2. K-Means Algorithm
- Finds k clusters.
- Algorithm: (1) choose k initial points as centroids,
(2) assign each data point to a centroid,
(3) recalculate centroids, (4) go to step 2 if the centroids changed
- To classify a data point, Euclidian distance is typically used.
- Convergence to a local optimum is guaranteed.
- Doesn't work well when data is not well described by reasonably
separated spherical balls.
- What should k be?
- Sometimes preprocessing (to remove outliers) or postprocessing
(to merge nearby clusters) is useful.
- It is the most widely used partitional clustering algorithm.

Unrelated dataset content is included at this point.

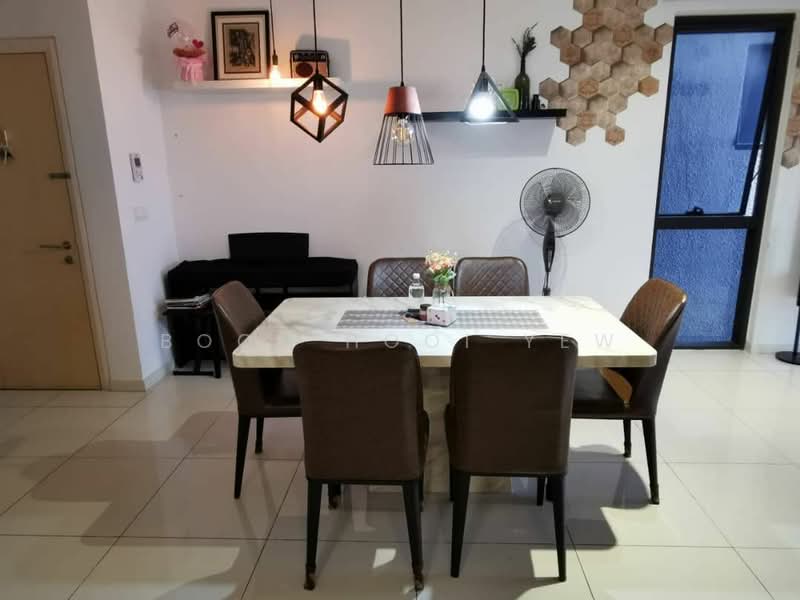 Servis Apartment untuk Disewa di Icon Residenz 2 @ Icon City - Boon Hooi Yew - Dining Room - PropertyGuru.com.my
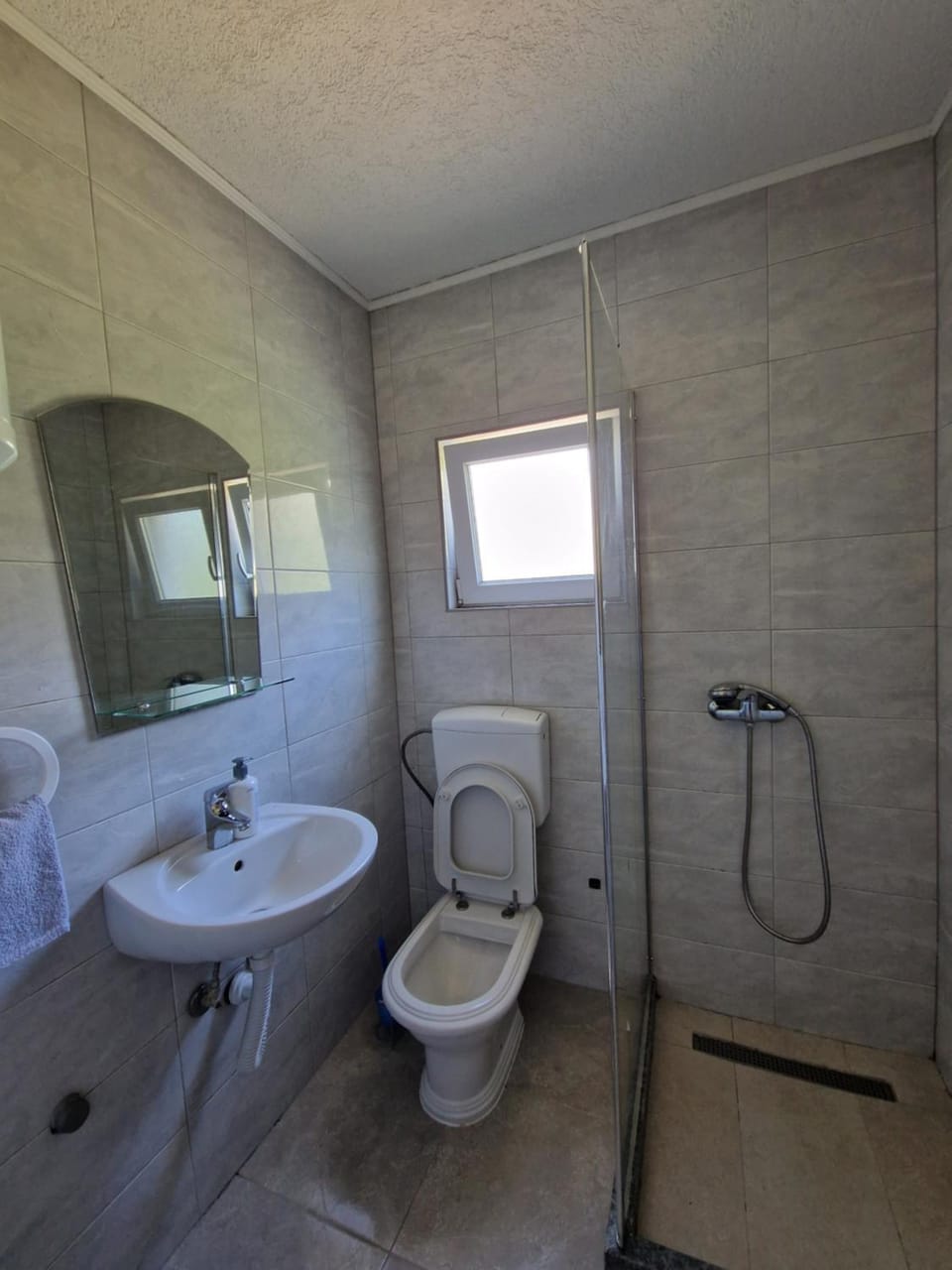 Shower, Toilet, Bathroom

It
is simple, easily understood, reasonably scalable and can deal with
streaming data.
3. Support Vector Machines (SVM)
- Advantages: robust, accurate, sound theoretical basis,
requires few training examples, insensitive to number of dimensions.
- In two-class learning, a SVM finds the hyperplane that maximizes
the distance between the two classes.
- Question 1: Can we understand the meaning of the SVM through
a solid theoretical foundation?
Yes, it relates to the VC dimension.
- Question 2: Can we extend the SVM formulation to handle cases
where errors exist and when the best hyperplane must admit some
errors in the training data? Yes - introduce a slack
function that allows for some misclassification.
- Question 3: Can we extend the SVM formulation so that it works in
situations where the training data are not linearly separable?
Yes - use a kernel function to map the data to a higher dimension.
- Question 4: Can we extend the SVM formulation so that the task is to predict
numerical values or to rank the instances in the likelihood of being
a positive class member, rather than classification?
Yes - use SVR (support vector regression) and allow the difference
between the actual and predicted to be less than ε
- Question 5: Can we scale up the algorithm for finding the maximum
margin hyperplanes to thousands and millions of instances?
Yes - break the large problem up into a series of smaller ones.